§ Work instructions
With the pictures omitted, repeat exactly the lines below starting with the line that has "Apartment Calle Juan Manuel Duran Gonzalez" and going on through the line that has "BURÓCRATAS SE JUBILAN".

BEGIN Dataset extract

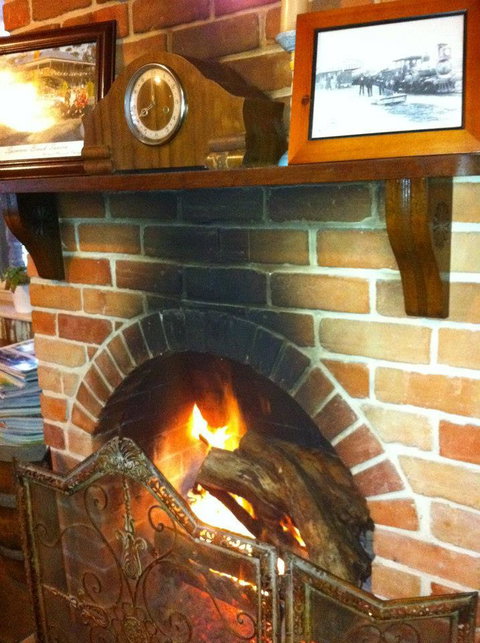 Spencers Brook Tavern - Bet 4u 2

END Dataset extract
BEGIN Dataset extract

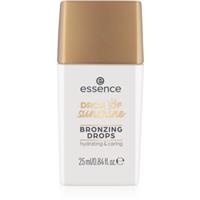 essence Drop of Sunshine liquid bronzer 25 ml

END Dataset extract
BEGIN Dataset extract

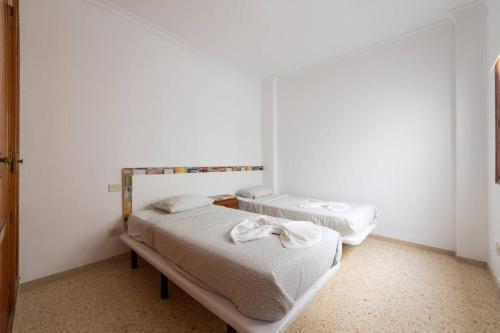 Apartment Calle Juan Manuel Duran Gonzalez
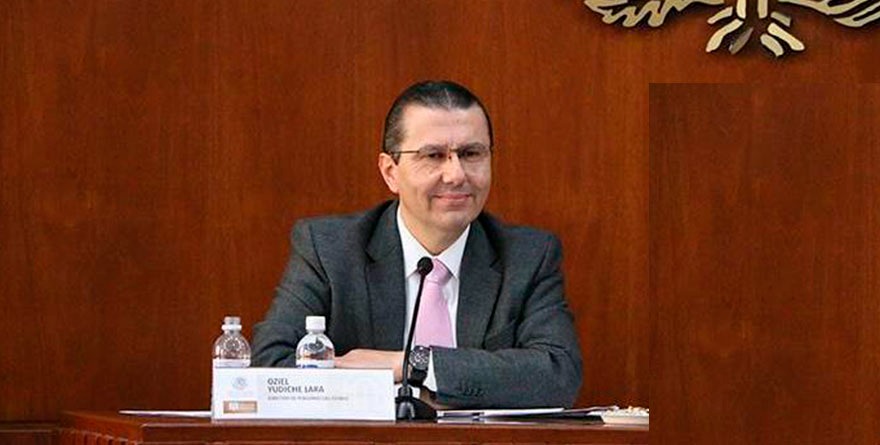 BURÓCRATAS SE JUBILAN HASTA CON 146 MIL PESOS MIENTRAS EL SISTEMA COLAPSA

END Dataset extract

§ Task output
 Apartment Calle Juan Manuel Duran Gonzalez
 BURÓCRATAS SE JUBILAN HASTA CON 146 MIL PESOS MIENTRAS EL SISTEMA COLAPSA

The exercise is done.